:: Entries shown ::

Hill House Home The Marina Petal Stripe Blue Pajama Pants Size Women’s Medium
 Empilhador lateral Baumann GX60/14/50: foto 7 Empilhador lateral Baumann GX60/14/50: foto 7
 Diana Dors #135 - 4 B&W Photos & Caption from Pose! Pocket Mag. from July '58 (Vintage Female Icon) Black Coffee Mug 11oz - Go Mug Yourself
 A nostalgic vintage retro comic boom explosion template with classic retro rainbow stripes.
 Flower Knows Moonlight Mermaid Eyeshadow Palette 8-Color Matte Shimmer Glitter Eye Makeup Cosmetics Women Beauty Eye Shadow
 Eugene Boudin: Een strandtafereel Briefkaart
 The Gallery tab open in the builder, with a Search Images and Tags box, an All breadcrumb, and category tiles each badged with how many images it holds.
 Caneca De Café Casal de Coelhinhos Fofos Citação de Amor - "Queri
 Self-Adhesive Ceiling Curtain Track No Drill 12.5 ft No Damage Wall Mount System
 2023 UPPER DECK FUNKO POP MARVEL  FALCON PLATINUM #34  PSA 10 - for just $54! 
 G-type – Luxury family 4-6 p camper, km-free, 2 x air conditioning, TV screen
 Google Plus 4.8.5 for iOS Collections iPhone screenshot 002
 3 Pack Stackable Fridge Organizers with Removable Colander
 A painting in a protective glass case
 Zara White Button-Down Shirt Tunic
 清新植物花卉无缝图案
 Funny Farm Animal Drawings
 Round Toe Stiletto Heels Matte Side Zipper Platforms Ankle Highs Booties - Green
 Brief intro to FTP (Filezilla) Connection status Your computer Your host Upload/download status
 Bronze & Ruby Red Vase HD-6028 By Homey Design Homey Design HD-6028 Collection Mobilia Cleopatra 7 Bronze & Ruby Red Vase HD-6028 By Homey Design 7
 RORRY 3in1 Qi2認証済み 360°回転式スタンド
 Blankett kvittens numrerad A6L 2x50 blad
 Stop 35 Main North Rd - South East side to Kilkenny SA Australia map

:::

Please print exactly the lines from the one containing "Zara White Button-Down Shirt Tunic" through the last line of the records, both included, and nothing else.

§ Result below
 Zara White Button-Down Shirt Tunic
 清新植物花卉无缝图案
 Funny Farm Animal Drawings
 Round Toe Stiletto Heels Matte Side Zipper Platforms Ankle Highs Booties - Green
 Brief intro to FTP (Filezilla) Connection status Your computer Your host Upload/download status
 Bronze & Ruby Red Vase HD-6028 By Homey Design Homey Design HD-6028 Collection Mobilia Cleopatra 7 Bronze & Ruby Red Vase HD-6028 By Homey Design 7
 RORRY 3in1 Qi2認証済み 360°回転式スタンド
 Blankett kvittens numrerad A6L 2x50 blad
 Stop 35 Main North Rd - South East side to Kilkenny SA Australia map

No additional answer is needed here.